The Biden administration has so far evacuated around 4,500 Americans of the approximately 15,000 left stranded in Afghanistan after the Taliban took over.
The Biden administration has also been one of the obstacles preventing the evacuation of those able to reach the Kabul airport in Afghanistan through private organizations attempting to makeup for Biden’s failures.
“Chartered planes are flying out of Kabul with hundreds of empty seats… The biggest challenge the groups faced was getting people with seats on the charter planes through the gauntlet of Taliban checkpoints, crushing crowds at the airport entrances, and U.S. forces who refuse to let manifested passengers in,” the Wall Street Journal reported.
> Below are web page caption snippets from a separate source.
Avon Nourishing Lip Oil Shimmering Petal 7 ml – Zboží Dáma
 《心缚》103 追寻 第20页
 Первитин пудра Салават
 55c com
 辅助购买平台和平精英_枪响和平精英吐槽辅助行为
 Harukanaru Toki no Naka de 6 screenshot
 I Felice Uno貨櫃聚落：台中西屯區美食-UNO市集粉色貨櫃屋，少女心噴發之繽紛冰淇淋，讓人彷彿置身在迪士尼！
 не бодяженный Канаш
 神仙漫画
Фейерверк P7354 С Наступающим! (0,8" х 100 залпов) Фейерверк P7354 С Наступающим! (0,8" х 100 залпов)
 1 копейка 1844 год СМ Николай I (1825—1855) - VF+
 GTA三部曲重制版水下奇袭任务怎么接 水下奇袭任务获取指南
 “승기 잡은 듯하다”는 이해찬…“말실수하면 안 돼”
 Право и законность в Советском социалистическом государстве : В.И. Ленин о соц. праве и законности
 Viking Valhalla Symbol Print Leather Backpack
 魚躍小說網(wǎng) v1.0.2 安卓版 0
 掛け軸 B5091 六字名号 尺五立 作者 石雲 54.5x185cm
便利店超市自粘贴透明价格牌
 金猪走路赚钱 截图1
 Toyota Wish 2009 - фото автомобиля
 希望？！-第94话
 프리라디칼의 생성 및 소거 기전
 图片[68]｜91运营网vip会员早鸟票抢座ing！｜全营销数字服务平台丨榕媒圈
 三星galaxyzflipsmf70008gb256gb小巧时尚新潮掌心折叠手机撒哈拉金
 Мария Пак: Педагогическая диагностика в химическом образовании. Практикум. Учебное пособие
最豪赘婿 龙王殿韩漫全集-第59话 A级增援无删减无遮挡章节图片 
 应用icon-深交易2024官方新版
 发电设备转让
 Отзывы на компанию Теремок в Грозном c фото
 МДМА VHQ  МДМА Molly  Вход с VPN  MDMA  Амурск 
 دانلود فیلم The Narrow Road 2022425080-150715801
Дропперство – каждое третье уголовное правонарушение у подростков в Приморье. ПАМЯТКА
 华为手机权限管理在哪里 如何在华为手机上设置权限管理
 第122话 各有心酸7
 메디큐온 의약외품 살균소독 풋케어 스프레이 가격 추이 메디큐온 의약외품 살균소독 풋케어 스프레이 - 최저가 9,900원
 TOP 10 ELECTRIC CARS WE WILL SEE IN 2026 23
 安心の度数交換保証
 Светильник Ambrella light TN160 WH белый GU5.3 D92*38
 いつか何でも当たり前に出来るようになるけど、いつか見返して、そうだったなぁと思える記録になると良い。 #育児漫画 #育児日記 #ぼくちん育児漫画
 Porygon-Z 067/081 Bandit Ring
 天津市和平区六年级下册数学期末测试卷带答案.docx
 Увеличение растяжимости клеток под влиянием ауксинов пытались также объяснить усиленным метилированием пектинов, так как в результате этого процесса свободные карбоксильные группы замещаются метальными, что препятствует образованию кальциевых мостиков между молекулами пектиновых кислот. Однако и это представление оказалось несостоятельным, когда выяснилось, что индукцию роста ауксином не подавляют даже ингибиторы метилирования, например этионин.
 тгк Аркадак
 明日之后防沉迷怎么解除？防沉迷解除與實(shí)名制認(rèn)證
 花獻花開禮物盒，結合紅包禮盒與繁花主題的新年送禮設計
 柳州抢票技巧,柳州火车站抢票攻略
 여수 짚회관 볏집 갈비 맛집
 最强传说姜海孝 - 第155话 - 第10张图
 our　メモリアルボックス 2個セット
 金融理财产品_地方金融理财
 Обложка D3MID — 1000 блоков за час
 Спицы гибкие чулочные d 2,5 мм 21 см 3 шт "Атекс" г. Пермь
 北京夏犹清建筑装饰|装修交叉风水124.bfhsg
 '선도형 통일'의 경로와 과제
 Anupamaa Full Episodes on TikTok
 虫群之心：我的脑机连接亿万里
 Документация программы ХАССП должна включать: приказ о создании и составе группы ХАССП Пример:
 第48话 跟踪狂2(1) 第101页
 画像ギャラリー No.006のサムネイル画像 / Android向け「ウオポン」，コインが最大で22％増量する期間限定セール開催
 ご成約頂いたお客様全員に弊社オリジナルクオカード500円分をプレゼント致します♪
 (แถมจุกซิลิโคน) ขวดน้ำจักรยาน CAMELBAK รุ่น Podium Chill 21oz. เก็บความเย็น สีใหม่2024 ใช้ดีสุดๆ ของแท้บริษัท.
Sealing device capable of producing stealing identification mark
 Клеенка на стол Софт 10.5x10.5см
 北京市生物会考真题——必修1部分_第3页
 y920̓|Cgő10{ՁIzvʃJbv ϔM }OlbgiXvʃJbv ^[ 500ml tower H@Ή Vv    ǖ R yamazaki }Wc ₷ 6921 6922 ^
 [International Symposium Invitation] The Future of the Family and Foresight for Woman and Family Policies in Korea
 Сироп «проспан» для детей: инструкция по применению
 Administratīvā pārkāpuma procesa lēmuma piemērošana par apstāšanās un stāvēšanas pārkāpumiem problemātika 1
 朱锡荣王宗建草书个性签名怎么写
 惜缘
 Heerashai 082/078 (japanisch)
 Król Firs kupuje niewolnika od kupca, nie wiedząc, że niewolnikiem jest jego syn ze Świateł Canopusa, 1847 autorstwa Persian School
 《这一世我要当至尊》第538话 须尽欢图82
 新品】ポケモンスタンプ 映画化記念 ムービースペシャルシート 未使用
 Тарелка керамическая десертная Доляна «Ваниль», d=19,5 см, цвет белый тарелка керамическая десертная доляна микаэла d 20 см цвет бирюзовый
“Last week, Sayara International, a Washington-based development firm that has long worked in Afghanistan, lined up plans to take 1,000 Afghan refugees to Uganda, whose government has offered sanctuary. Sayara chartered three planes for the operation, said George Abi-Habib, one of the company’s co-founders. Then it into a series of obstacles,” the Wall Street Journal continued. “Marines at the airport gates refused to allow Afghans with seats on the plane to get inside. At one point, Sayara started charging some passengers for seats to fill a cash shortfall it needed to plug before they could fly out of the country, Mr. Abi-Habib said. One Ugandan woman had to crawl through a sewage pipe to get into the airport, he added.”